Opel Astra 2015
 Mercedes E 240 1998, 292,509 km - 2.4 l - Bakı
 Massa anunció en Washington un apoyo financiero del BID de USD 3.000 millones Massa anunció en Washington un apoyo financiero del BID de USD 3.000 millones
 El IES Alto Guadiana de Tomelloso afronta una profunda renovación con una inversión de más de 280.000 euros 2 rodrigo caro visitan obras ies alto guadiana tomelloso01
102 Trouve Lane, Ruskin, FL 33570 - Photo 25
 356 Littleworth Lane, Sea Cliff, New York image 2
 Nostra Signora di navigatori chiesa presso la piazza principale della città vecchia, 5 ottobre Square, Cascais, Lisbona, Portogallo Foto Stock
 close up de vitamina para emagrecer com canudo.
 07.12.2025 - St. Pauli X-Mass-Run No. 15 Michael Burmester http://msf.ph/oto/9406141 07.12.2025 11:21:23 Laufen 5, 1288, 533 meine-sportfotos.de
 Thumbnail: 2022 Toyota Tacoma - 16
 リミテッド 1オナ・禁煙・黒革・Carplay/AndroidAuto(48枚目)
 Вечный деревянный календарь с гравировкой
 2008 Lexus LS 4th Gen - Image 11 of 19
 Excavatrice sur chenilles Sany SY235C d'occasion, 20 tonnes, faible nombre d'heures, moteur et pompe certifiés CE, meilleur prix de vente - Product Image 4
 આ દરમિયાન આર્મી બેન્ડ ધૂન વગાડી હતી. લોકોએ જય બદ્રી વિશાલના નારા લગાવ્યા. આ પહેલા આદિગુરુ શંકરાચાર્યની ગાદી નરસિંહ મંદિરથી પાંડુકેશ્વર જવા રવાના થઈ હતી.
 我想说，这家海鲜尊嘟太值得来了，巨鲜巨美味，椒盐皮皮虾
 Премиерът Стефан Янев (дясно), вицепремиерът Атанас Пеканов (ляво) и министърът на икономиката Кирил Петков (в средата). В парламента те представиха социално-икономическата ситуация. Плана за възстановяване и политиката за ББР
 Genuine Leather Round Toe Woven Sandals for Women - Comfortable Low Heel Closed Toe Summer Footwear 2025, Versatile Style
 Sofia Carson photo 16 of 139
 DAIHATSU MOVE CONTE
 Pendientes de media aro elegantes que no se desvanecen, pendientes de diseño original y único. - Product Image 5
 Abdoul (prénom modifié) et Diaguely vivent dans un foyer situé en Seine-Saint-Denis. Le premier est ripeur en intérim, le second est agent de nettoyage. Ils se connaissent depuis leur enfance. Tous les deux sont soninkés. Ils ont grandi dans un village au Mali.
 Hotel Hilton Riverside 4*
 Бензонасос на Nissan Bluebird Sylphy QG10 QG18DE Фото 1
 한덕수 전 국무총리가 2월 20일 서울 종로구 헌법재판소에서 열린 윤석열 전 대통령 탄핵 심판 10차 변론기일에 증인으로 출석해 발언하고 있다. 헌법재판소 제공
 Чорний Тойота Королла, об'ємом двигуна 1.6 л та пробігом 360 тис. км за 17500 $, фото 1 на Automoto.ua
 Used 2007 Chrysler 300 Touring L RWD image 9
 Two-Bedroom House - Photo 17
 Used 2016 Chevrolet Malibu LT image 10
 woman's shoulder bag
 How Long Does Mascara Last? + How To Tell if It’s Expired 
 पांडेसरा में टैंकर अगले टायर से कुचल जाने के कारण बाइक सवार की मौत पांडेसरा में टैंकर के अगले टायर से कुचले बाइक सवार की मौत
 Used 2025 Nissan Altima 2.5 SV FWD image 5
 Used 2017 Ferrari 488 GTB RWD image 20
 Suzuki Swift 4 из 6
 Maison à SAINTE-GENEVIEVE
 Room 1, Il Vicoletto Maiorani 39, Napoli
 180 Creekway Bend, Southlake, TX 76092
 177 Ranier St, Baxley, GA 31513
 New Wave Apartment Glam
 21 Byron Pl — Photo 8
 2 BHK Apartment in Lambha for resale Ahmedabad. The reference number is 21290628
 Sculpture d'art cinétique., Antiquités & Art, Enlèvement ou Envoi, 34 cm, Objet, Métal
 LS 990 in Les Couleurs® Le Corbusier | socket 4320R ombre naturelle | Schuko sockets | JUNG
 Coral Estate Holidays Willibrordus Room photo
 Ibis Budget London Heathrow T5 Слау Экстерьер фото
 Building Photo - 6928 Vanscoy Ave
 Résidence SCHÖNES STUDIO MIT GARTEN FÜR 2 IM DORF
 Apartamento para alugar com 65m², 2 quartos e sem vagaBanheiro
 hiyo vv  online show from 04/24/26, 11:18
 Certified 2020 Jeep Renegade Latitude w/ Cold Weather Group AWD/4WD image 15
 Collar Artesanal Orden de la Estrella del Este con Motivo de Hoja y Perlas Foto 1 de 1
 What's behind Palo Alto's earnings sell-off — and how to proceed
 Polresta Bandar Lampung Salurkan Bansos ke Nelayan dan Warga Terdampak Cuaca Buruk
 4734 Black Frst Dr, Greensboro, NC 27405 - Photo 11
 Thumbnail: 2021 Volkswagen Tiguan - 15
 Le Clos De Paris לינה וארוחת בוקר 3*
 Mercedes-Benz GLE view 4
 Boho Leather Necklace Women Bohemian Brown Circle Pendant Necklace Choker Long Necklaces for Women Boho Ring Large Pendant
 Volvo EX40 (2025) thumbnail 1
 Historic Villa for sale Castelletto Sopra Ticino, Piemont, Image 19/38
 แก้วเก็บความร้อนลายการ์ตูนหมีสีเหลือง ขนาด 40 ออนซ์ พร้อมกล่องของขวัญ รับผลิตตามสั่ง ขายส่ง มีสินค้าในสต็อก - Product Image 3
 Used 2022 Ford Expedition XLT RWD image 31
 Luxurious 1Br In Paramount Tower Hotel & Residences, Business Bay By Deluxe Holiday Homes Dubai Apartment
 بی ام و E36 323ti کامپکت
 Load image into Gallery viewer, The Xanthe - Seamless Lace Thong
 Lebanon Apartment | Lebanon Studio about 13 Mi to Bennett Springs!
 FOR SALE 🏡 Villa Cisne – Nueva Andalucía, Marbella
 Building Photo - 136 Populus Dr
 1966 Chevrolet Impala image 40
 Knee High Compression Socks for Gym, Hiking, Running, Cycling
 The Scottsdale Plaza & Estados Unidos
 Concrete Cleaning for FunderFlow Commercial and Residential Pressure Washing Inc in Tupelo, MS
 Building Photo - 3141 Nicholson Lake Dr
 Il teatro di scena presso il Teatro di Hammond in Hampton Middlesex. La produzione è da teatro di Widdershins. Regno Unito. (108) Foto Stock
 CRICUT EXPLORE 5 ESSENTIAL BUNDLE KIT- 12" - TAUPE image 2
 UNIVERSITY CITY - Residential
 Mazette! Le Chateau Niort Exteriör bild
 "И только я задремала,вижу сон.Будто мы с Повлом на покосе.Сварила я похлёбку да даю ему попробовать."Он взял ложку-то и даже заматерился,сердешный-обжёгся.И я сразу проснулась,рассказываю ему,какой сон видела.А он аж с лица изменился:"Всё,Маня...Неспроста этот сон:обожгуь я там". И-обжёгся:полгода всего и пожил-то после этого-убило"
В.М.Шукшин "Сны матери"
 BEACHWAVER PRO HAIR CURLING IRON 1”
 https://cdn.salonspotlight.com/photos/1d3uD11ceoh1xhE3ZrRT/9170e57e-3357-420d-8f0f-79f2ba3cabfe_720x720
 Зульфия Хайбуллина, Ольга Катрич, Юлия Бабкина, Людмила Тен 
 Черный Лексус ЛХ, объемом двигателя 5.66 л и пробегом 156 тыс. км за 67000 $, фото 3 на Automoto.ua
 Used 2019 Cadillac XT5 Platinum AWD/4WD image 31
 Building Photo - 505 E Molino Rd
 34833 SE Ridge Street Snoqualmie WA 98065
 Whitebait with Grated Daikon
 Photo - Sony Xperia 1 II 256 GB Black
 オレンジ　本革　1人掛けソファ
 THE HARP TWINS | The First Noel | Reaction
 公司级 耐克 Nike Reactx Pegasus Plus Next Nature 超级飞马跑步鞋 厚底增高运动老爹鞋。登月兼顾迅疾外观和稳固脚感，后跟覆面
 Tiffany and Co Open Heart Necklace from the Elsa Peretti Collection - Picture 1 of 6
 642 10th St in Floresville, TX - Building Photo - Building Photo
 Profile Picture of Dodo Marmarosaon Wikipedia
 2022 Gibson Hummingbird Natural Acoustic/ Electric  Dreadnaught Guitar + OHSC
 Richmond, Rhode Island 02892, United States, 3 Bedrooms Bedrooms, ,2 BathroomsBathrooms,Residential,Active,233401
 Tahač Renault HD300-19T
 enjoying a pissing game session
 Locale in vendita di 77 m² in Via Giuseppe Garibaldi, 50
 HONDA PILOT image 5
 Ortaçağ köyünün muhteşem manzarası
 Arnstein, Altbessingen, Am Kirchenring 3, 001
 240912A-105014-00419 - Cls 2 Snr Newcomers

- _BRIEF_
Write down again, exactly as given, only the lines above that fall from the line with "Used 2007 Chrysler 300 Touring L RWD image 9" to the line with "How Long Does", inclusive.

- _TASK ANSWER_
 Used 2007 Chrysler 300 Touring L RWD image 9
 Two-Bedroom House - Photo 17
 Used 2016 Chevrolet Malibu LT image 10
 woman's shoulder bag
 How Long Does Mascara Last? + How To Tell if It’s Expired 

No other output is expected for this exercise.